> _Requirement_
Some of the lines below need repeating. Reproduce exactly those between the lines holding "Sachs Torpedo Naven" and "Pearson Reviews &", inclusive.

> _Records for the exercise_

◆ ◆ ◆ ◆

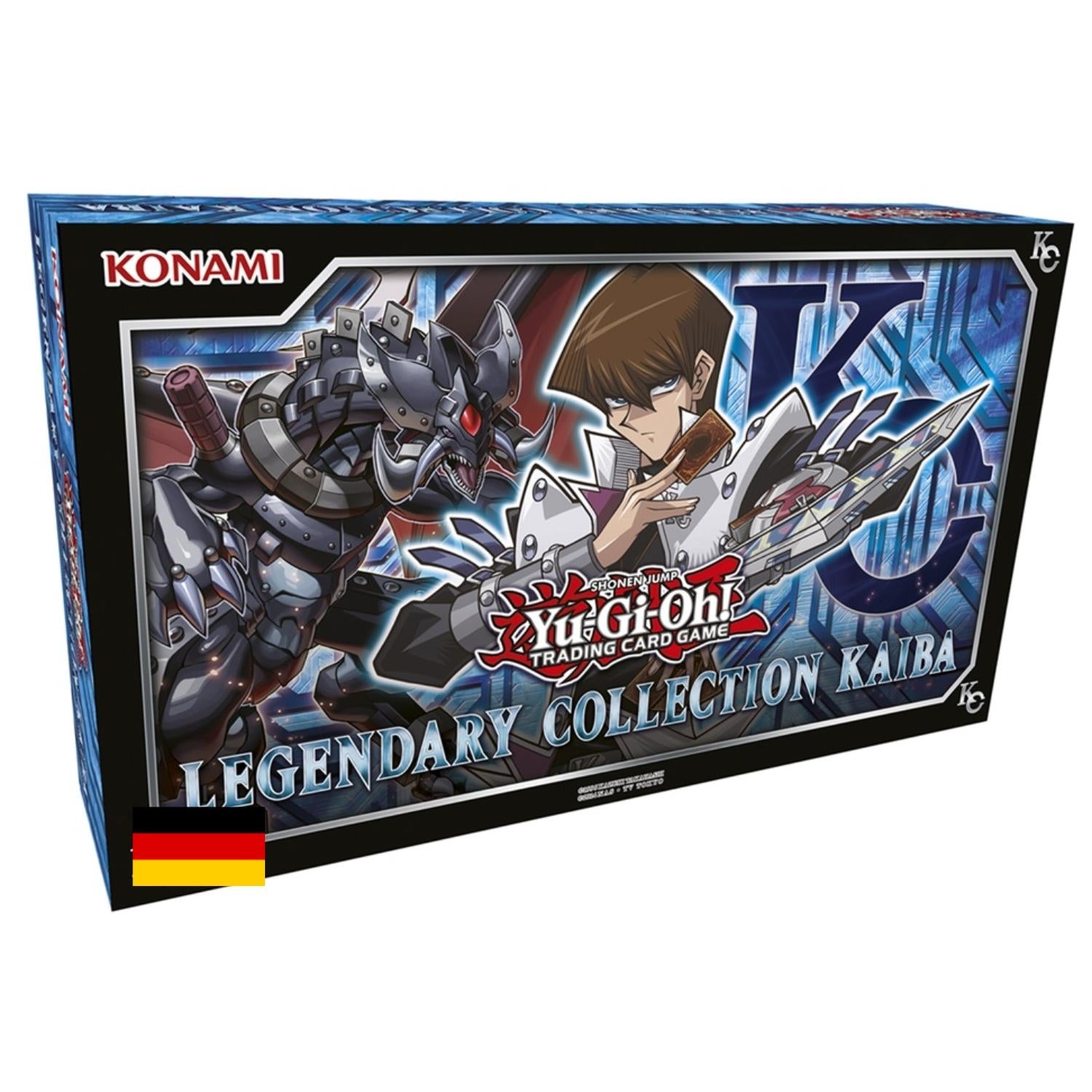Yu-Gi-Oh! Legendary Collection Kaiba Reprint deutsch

◆ ◆ ◆ ◆

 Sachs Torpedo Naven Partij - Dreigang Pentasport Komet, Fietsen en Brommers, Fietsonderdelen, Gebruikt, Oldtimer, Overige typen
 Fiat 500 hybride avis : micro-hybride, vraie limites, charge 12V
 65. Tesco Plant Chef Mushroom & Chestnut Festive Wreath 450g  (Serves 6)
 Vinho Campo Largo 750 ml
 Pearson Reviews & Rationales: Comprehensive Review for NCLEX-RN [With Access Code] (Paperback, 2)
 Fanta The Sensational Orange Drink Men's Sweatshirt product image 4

◆ ◆ ◆ ◆

> _Written solution_
 Sachs Torpedo Naven Partij - Dreigang Pentasport Komet, Fietsen en Brommers, Fietsonderdelen, Gebruikt, Oldtimer, Overige typen
 Fiat 500 hybride avis : micro-hybride, vraie limites, charge 12V
 65. Tesco Plant Chef Mushroom & Chestnut Festive Wreath 450g  (Serves 6)
 Vinho Campo Largo 750 ml
 Pearson Reviews & Rationales: Comprehensive Review for NCLEX-RN [With Access Code] (Paperback, 2)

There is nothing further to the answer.